Location
Adelaide, Australia
Project
International Competition
Program
Observatory
Team
Rafael Luna, Dongwoo Yim
Concept
The Adelaide Jellyfish is an urban intervention that encapsulates the idea of unifying a city district by consolidating buildings into a new urban space experience. A sky-walk ring circles the perimeter of the site not only creating a 360 view of the city, but generating a new urban artifact that speaks to the scale and growth of the city. This iconic gesture becomes a portal that connects the city center to its parks and extending neighborhoods. It is important to have a space to overview the city in order to understand its clear structure of parks systems, its infrastructure, its core, the connection to nature as well as its current and future expansion.

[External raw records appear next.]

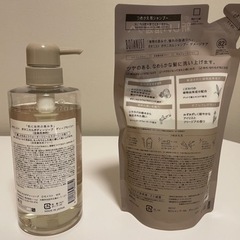 ボタニスト ボディソープ シャンプー詰め替え  セット販売の画像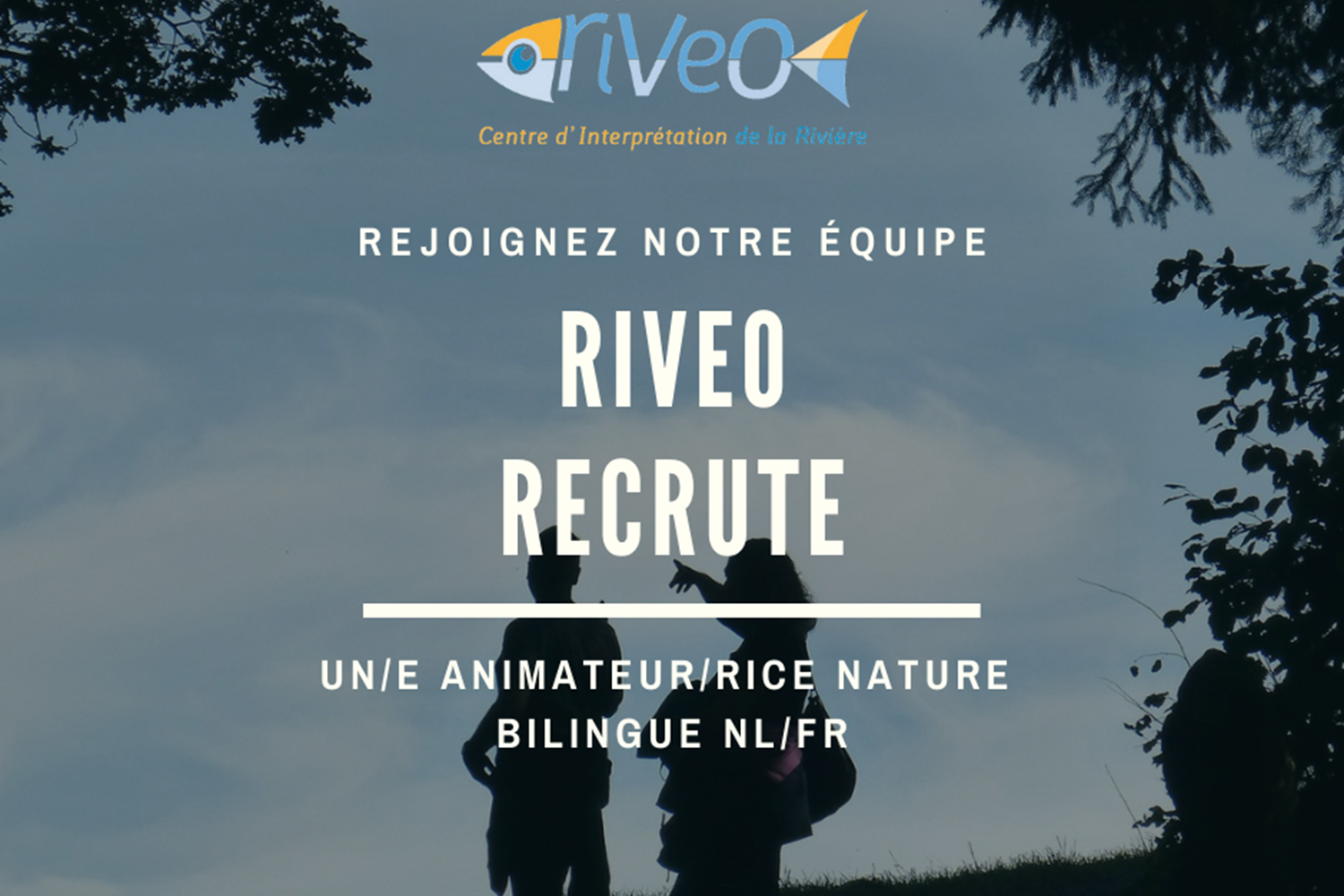 RIVEO - offre guide nature 2022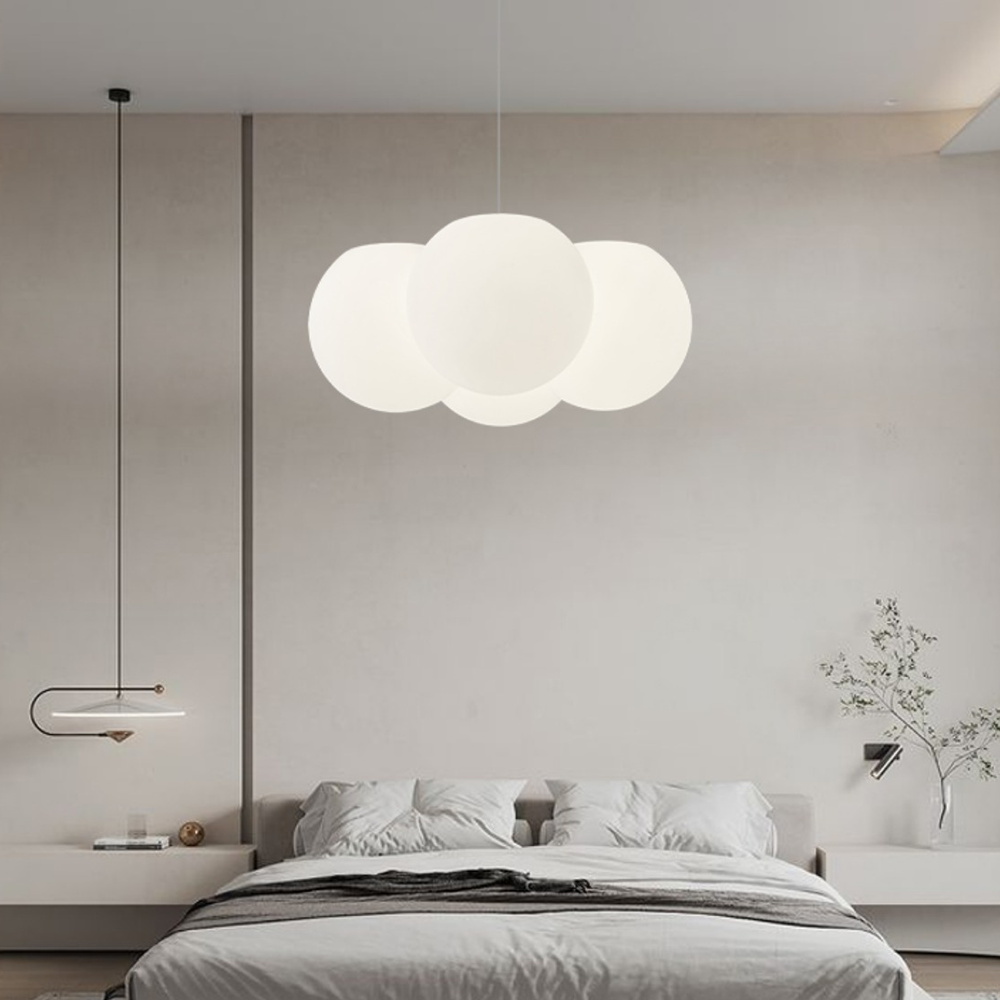 Nordic Warm Cloud Ceiling Lamp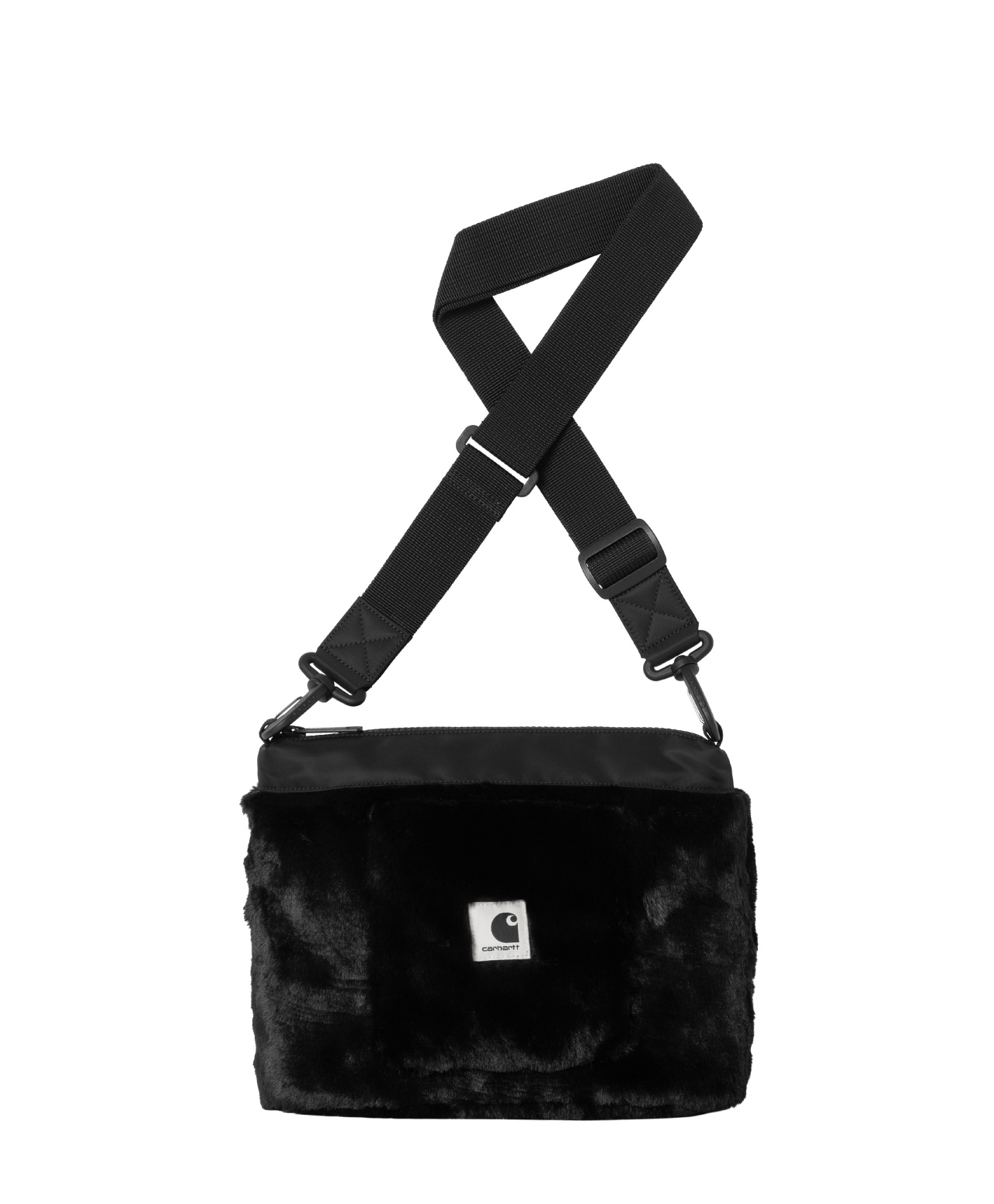 CARHARTT WIP W OLNEY BAG BLACK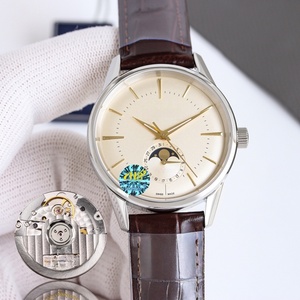 Montres mécaniques de créateurs tendance et très vendues avec des bracelets marron de haute qualité - Product Image 2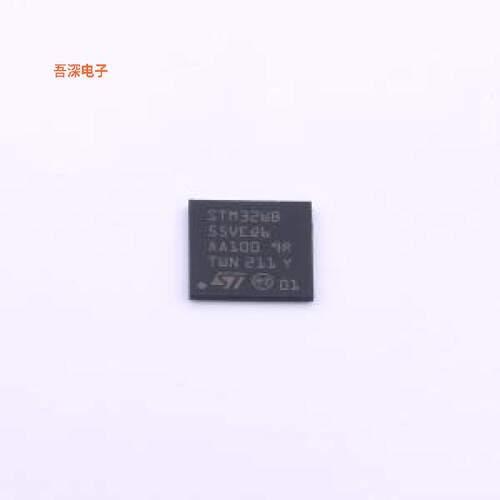 STM32WB55VEQ6 原装|正品UFBGA-12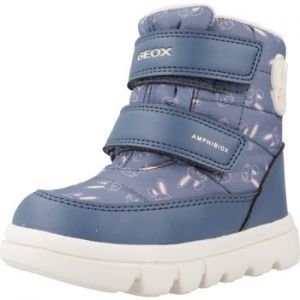 Čižmy Geox  B WILLABOOM GIRL B A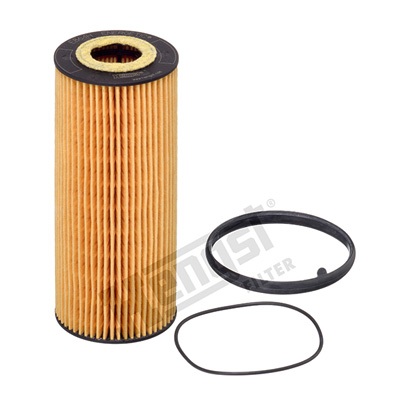 Oljefilter HENGST FILTER E864H D184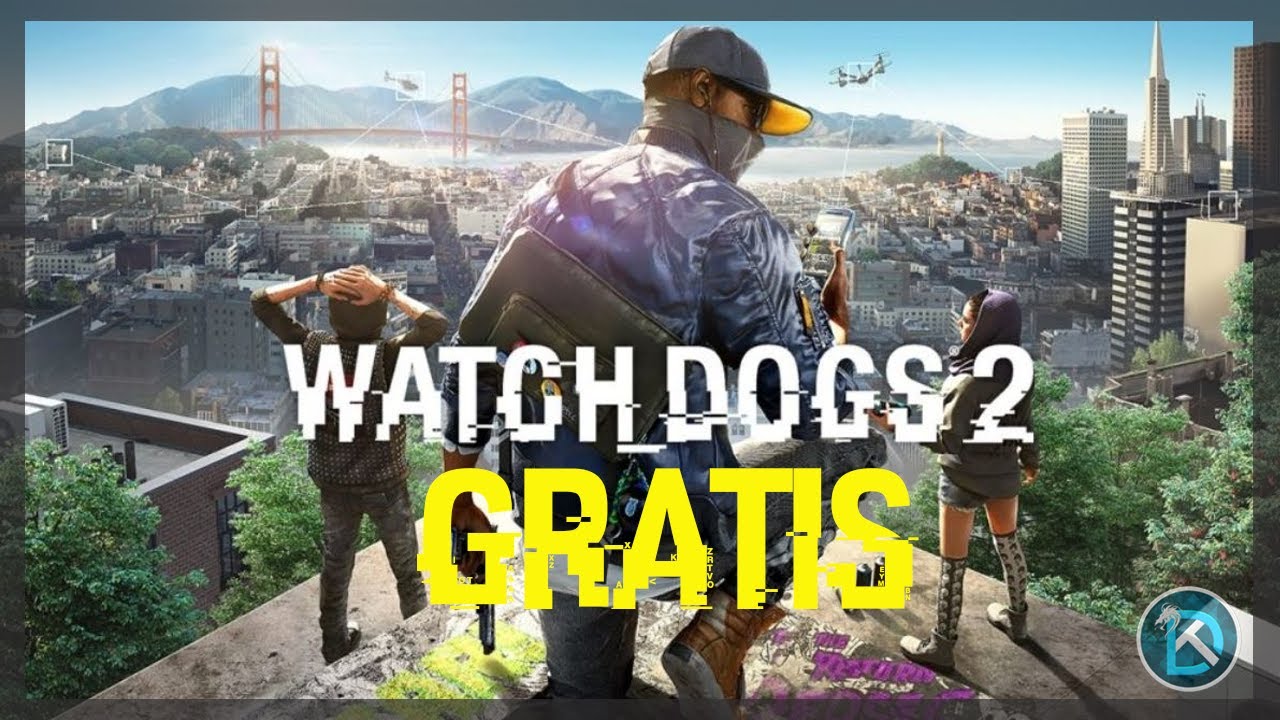 watch dog 2 gratis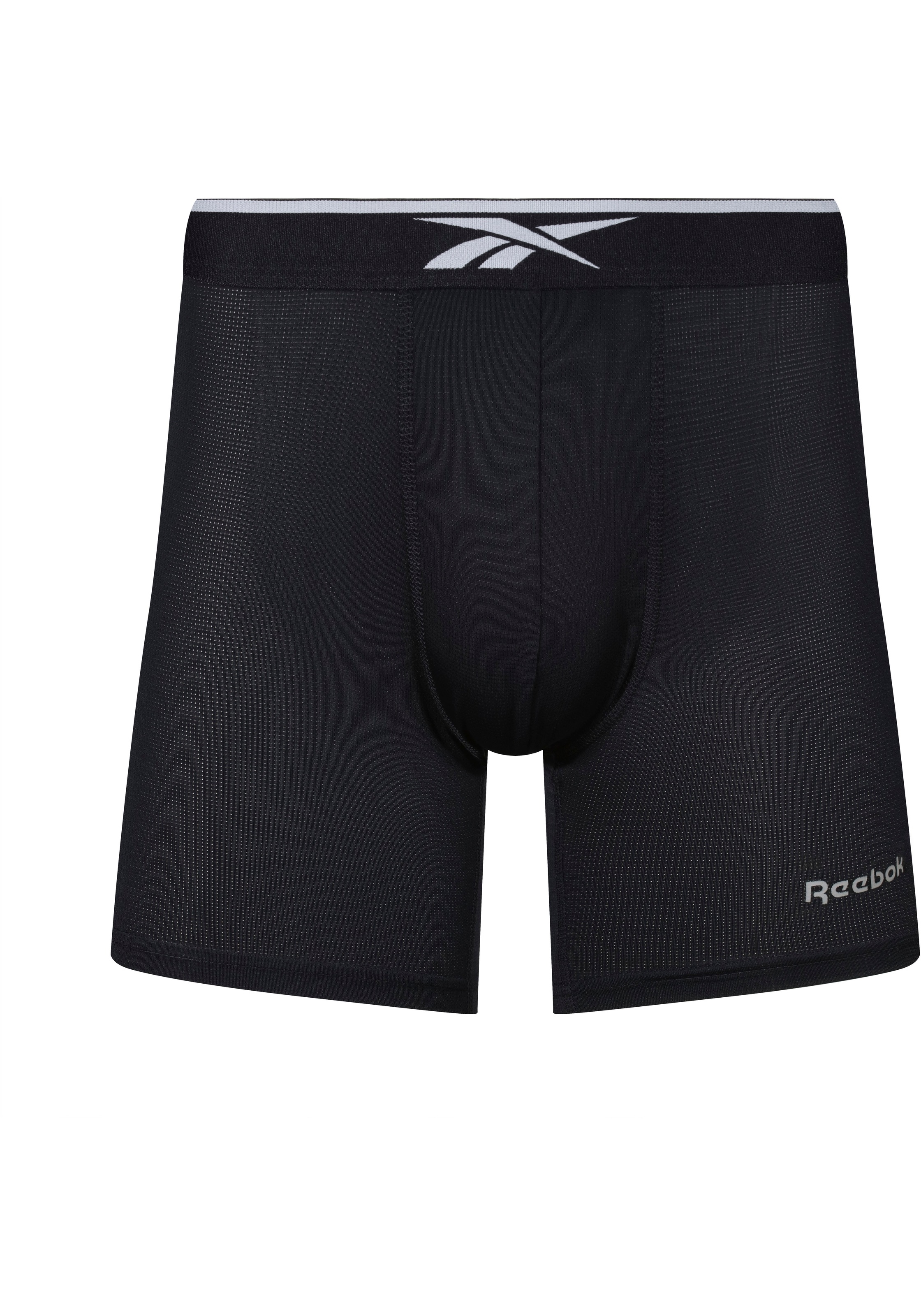 Reebok Trunk "Howe", (3er Pack), feuchtigkeitsableitender Mikrofaserbund günstig online kaufen
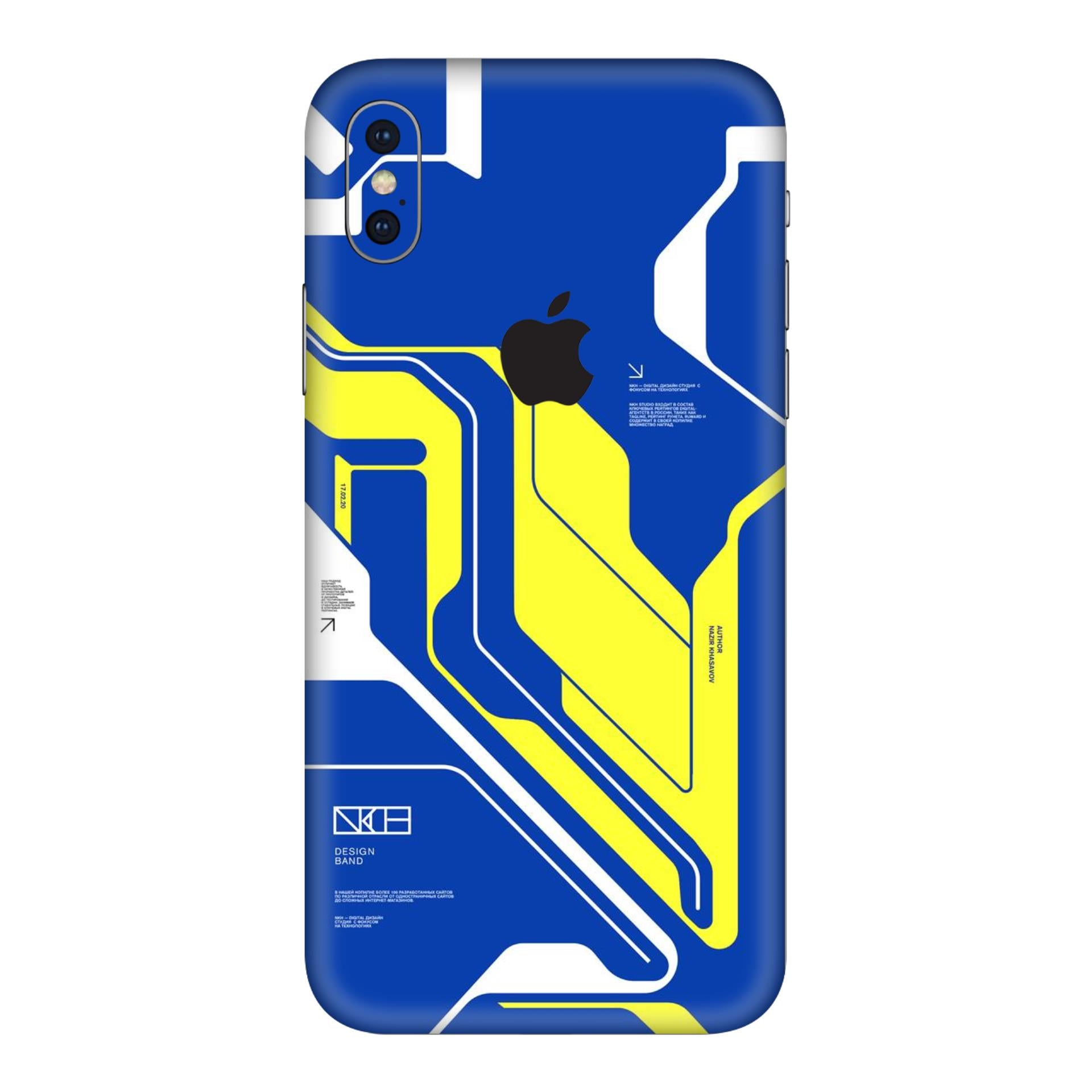 iPhone X Skins & Wraps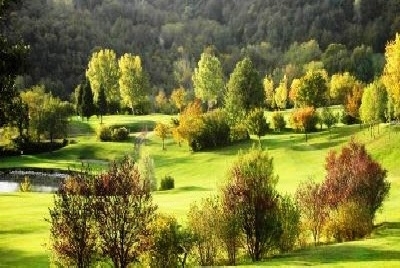 Salsomaggiore Golf & Therme Golfplätze Italien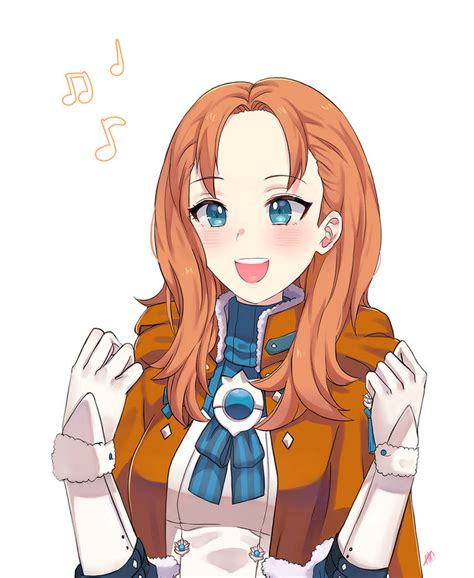Annette by lilshironeko on DeviantArt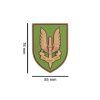 SAS Rubber Patch (Barva Blackops)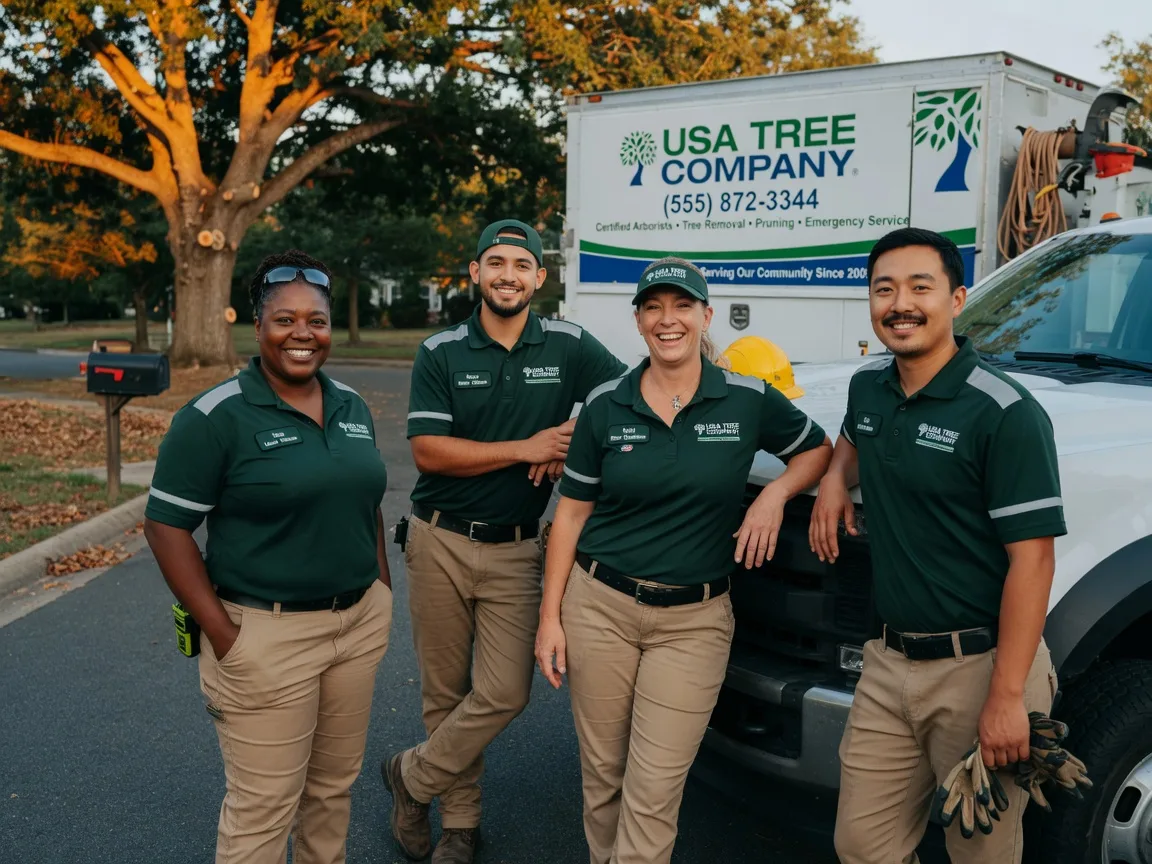 Tree Care company in Lewis, IN
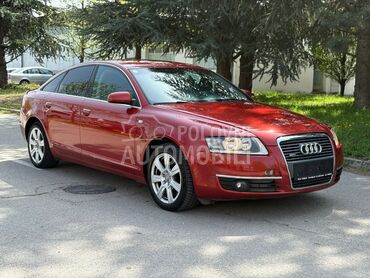 Audi A6 3.0 TDI (može zamena), 3.700 €, 2005. Limuzina, Dizel | 2967 cm3, 400.000 km, 165kW (224 KS), Automatski / poluautomatski, 4/5 vrata, 5 sedišta, Vršac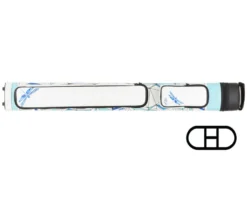 Athena ATHC19 2 Butt X 2 Shaft Hard Case W/ Backpack Straps -Billiards Supplies Shop athc19 cat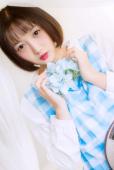 小清新美女私房清纯写真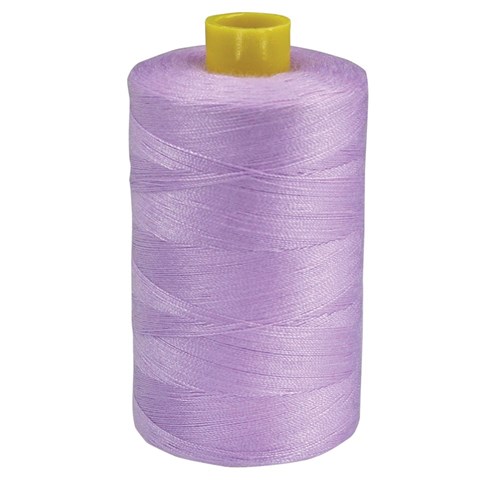 Sewing Thread - Purple - 1,000m, Sewing & Textiles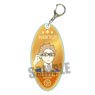 Chara Medal Motel Key Ring Haikyu!! To The Top Kei Tsukishima (Anime Toy)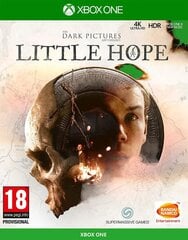 The Dark Pictures Anthology : Little Hope Xbox One цена и информация | Компьютерные игры | 220.lv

This urban artifact has the capacity of addressing the city scale, which would otherwise be lost.
The unification of the site as a single district occurs by engulfing the buildings with an oversized curtain that wraps around the perimeter. This urban move creates a new urban space where the in-between is experienced as an interior urban space with an outdoor atmosphere. The translucent curtain not only shades the building and open spaces, reducing energy consumption, but it adds a dynamic and changing spatial quality. The recycled fabric curtain can be adapted with photovoltaic units that allow it to become a flexible solar panel.
The innovation of this strategy comes from its efficiency of architectural moves. The main buildings can be maintained and adaptively reused with new programs such as housing, cultural facilities as well as retail. The ring and curtain allow for all these different buildings to work together, not only preserving their unique architecture but also framing and enhancing the buildings and context.